[idea] Al Conan
Conan O'brian, hate him or not, he is
- Very rando quite often.
- Is some percentage "just a guy who makes silly faces".
- Has as his goal "making you laugh", which AI has been able to do very well also, literally from the very beginning.
- Would pick up on, somehow, the great appeal of the idea of being the first person in history to have an Evil AI Doppelgänger, certainly as a Harvard man.
and also has
- Thousands and thousands and thousands of hours of training data, along with possibly helpful contextual "metadata" ("is he speaking to a crowd now or to an individual?", "Is he the interviewer now or the interviewee"...) and possibly/probably transcripts off all of this. It may be possible for example to match a certain facial expression with a point in a sentence. Or as a reaction to a word.

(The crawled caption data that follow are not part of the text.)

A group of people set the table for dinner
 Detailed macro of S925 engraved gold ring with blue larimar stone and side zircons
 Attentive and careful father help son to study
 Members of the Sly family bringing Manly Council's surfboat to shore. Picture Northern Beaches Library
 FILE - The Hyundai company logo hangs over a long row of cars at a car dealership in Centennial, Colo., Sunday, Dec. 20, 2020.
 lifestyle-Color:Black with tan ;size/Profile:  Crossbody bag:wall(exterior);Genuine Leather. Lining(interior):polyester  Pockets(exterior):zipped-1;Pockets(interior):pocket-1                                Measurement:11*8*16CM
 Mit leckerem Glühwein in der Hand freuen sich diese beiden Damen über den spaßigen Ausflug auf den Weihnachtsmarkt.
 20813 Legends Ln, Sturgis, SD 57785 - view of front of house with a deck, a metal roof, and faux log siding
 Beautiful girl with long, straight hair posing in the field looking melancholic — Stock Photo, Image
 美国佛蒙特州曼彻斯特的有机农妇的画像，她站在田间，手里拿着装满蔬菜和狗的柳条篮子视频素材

Alll Kiinds of stuff for an AI to chew on.
The pieces:
- Video: We don't expect to create a physical Conan bot, but that's actually in our favor here. It would be unnerving for Joe Average to meet Conan in person, but a "scene" could be scripted where a known-fan is "Facetimed" out of the blue, as part of a bit. "Yes, this is really Conan." And this is probably the easiest part.
- Audio: We probably should consider "A" and "V" to really be one thing: "AV" would be a good name. Trying to artificially synchronize generated audio and generated video that are output by different systems seems impossible. Let's just focus on: train Al on a bunch of AV, try and see what you can generate. If it's wacky and off-kilter, then so much the Conan.
- Dialog: It's _Di_alog, remember. We're creating a turing bot here. Did I not mention? This is hard but think of this strategy: Conan asks you a question (GTP3), you respond while he nods (may butt in, but the system will have to take some risks here. It would have to be a plausible interruption; not random.) and then (easier to detect) the system makes Conan go off in a diatribe that at least starts out as a reaction to your response (GPT3).
Open problems:
- How do you teach Al the difference between "a mannerism" and "crow's feet". Specifically, how do you take training data that's of the same person, but inevitably that person has aged over the decades. And so the AI needs to know what difference to attribute to age and what to expressions or mannerisms. It some how needs to know "this is the same person, but at a different age, depending on sample datetime. there's this thing called aging, see..." How can you capture that idea in an algorithm?
- He's probably scared.
Conan has an amazing schtick, but it's formulaic enough for Al to throw down a pretty good gauntlet.